I suspect that I ought to take notice of the latest development in the slow-moving MVA that is the great State of Illinois. Reuters reports that Illinois Attorney General Lisa Madigan (coincidentally the daughter of House Speaker Mike Madigan) has filed a motion to request that a judge lift a motion requiring that state employees continue to be paid, even in the absence of a budget authorizing the disbursement:

The attorney general of Illinois asked a judge on Thursday to lift an order requiring state workers to be paid during the state’s record 19-month budget impasse in hopes of putting pressure on lawmakers to pass a spending plan.

Attorney General Lisa Madigan, a Democrat, filed a motion in St. Clair County Circuit Court, requesting Judge Robert LeChien to dissolve his July 2015 order that authorized the state comptroller to pay wages of all Illinois employees despite the state not having a budget in place, court documents showed.

The order has “removed much of the urgency for the legislature and the governor to act on a budget,” Madigan said in a statement.

Since taking office in 2015, Republican Governor Bruce Rauner has feuded with the Democratic-led state legislature, leaving Illinois as the only U.S. state to go 19 months without a complete budget.

A bill package aimed at ending Illinois’ record-setting budget impasse and addressing the state’s deep fiscal woes will not be voted on in the Senate until the second week of February, the chamber’s leaders said on Thursday.

Note that the judge made his decision a year and a half ago, presumably under the misapprehension that the governor and legislature would do their jobs.

There’s been quite a bit of recrimination over AG Madigan’s motion. CapitolFax.com reproduces this letter from AFCSME Executive Director Roberta Lynch:

Dear [redacted],

Last night AFSCME’s attorney received official notification that Illinois Attorney General Lisa Madigan filed a motion yesterday in St. Clair County Circuit Court to dissolve the preliminary injunction that AFSCME secured nearly two years ago to ensure that state employees would continue to be paid despite the state’s budget standoff.

I want you to know that AFSCME is prepared to return to court in opposition to the Attorney General’s motion and to pursue every available legal means to halt her action. Other unions representing state employees were our partners in securing the original injunction and I’m confident they will stand with us now.

The Attorney General is justifying her action by citing the urgent need for a resolution of the state budget stalemate.

Of course, we all agree that such a resolution is long overdue.

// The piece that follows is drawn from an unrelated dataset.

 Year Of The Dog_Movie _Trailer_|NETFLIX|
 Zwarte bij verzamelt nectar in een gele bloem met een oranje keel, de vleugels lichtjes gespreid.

That’s why AFSCME has repeatedly called on Governor Rauner to end his insistence that enactment of a state budget must be tied to his personal political agenda which is aimed at weakening workers’ rights.

However, the need for a budget resolution can in no way justify the Attorney General’s harmful and irresponsible legal maneuver.

AG Madigan’s action is particularly objectionable coming as it does at a time when Governor Rauner has already been waging a relentless assault on state employees—seeking to impose his own contract terms that would drastically drive down employees’ incomes and weaken rights on the job.

Our union has said repeatedly that we do not want to see a shutdown of state government. We have done everything possible to avert a strike. But we are determined to resist the governor’s efforts to impose his terms—which would set us back for many years to come.

That’s why it is more critical than ever that union members vote “YES” to give your Bargaining Committee the authorization to call a strike if that becomes the only recourse to gain fair treatment and respect.

Today Governor Rauner will be claiming that he is a friend of state employees and wants to make sure you get paid. We know well what a bunch of baloney that is. After nearly two years of unremitting hostility toward state employees—doing everything possible to inflict damage to our working conditions and our economic security, there’s no way Bruce Rauner has decided to be our buddy now. Rather, his phony sympathy is nothing but an effort to protect his own position in the state budget battle.

You and your fellow state employees are on the job every day providing vital services that Illinois citizens depend on—often under difficult, even dangerous, conditions. It is deeply disturbing when it appears that our state’s political leaders see you as no more than pawns in their games—failing to respect or value the vital work that you do.

But we won’t be discouraged or beaten down. We have won so many battles standing together and fighting back—and we can win this one too!

In Unity,

Roberta Lynch
Executive Director

Echoing Talleyrand’s (or Metternich’s) remark on hearing of the death of the Turkish ambassador, I wonder what AG Madigan means by this motion? Is it her way of announcing she will not be a candidate for governor in 2018? Is it the result of a family spat? Does she think that her dad and the governor should grow up fercrissakes?

Everyone knows what should be done. Speaker Madigan should give a little; Governor Rauner should give a little; they should join hands and enact a budget. Instead they seem intent on glaring eyeball to eyeball at each other until 2018 (or Speaker Madigan’s and/or the state legislature’s approval rating drops to zero—both are in the teens now).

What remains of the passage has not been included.